Wednesday, August 5, 2009

Carnal Buffet

Give me a fork
so I may feast
on carnal sin.
How mouthwatering!
My tongue
savoring the meat
so tender.
Your weak
stomache
never could handle
such delicacies.
You shit
upon yourself
like a child
& again
like an infant
always wanton
the tastes
meant for men.

Tuesday, July 28, 2009

To the punks who keep fucking with my window

Dear Window Toucher,

I know my car holds all kinds of wonder and enjoyment. Its got that cracked windshield and 4-wheel drive, and there's a certain magic bursting from the rusted muffler. If you're anything like me then the crap that fills my trunk just calls your name. I know, and understand, but dammit man, please quit FUCKING with my window. This shit is not funny anymore. I know the rattle and missing side-paneling make playing with the sliding glass o-so-much-fun, but really, not when it's raining, dude. That makes you an asshole.
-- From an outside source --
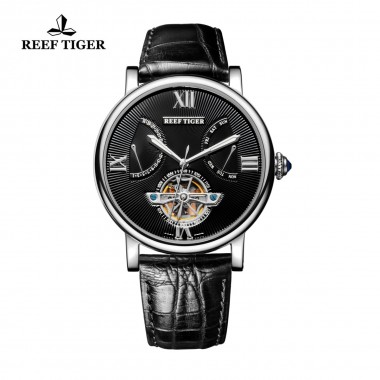 Reef Tiger/RT Men's Fashion Tourbillon Designer Watches Top Quality Watch with Date Day and Calfskin Leather Watches RGA191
I mean, I already kinda suspected when you dumped my ashtray IN my car instead of the parking lot (ok, so I don't have to smoke, but that's my suicide, so here's the bird) when you stole my bangin stereo circa 1999. I mean, that radio was the sole purpose behind my purchase, well, that and the fact that my Rodeo is great for tailgating. (You have no idea how many wonderful nights have been spent on, in, or around that tailgate. mmmm....memories!)
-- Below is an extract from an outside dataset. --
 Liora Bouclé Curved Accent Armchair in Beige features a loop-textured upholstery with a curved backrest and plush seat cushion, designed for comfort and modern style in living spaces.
All I'm asking is that you leave the window alone on days when it's hailing, is that too much to ask? Cuz for real, I don't care so much on the sunny days because, well, let's face it, Hellboy isn't such a hot bastard by the time I get home. You're actually helping me out a lil. Deal?

Sincerely,

the owner

Drama-Rama

Drama is a flame that just will not be put out. And the more water used, the more the smoke fills your eyes, and that shit burns!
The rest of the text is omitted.